Depth of Field calculators assume that the Circle of Confusion is a consolidated circle that changes size in proportion to the F stop, but catadioptric lenses have a central obstruction, which creates a ring-shaped CoC.
Instead of reducing the size of the aperture from the outside in, as is typical of refractive lenses, the aperture is reduced from the inside out. So the overall diameter of the CoC is larger than would be expected from the F-stop used for exposure calculations. It is similar to using ND filters, where DOF corresponds to the size of the aperture, not the change in exposure.
The central obstruction also reduces sharpness and contrast, which further complicates DOF considerations. Ultimately, you have to use your own eyes and judgement to decide DOF, instead of relying on calculators.
Take a catadioptric lens with a front element with diameter of about 72mm with a central obstruction of about 34mm. The diameter of a circle with the same area is about 63.5mm.

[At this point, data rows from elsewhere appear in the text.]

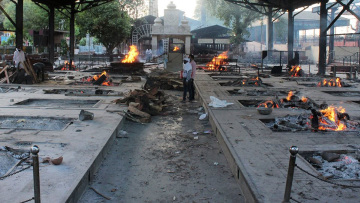 Κορωνοϊός - Ινδία: Ερευνητές «έβλεπαν» την έκρηξη των μολύνσεων - Είχαν προειδοποιήσει την κυβέρνηση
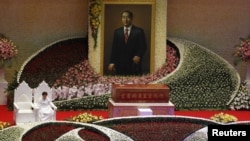 Han Hak-ja, janda pendiri Gereja Unifikasi, Pendeta Sun Myung Moonof Moon, duduk di sebelah peti jenazah Moon dalam upacara pemakaman di Gapyeong, luar kota Seoul (15/9). 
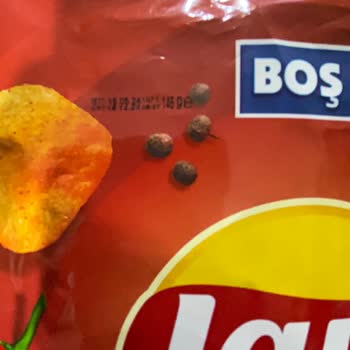 Lays Baharatlının İçinden Çıkan Yabancı Madde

That's close enough to F8 for lens labeling and exposure calculations.
But DOF would correspond with F6.9, based on the full diameter of the aperture. Also, because the center is blocked, sharpness and contrast are reduced, which further reduces apparent sharpness. So DOF appearing to correspond with F4 is reasonable. In this example, DOF should not appear to correspond with any aperture narrower than F6.9.

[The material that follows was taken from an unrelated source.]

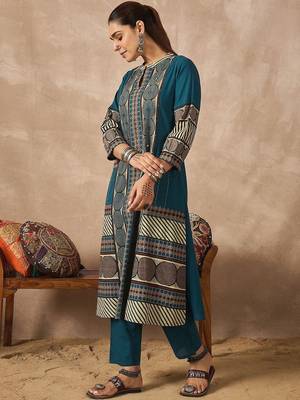 Women Printed Regular Mirror Work Pure Cotton Kurta with Trousers 5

No it does not make sense. The 500mm focal length is true when imaging an object at infinity (about 2000 focal lengths or more distance). When imaging at 40 feet, you must rack the lens forward to achieve focus. I calculate 526mm as the effective focal length for 40 feet. Now the working f-number becomes 8.3, not much but some loss of image brightness. Not the f/4 you measured. How did you work this problem for 40 feet object distance?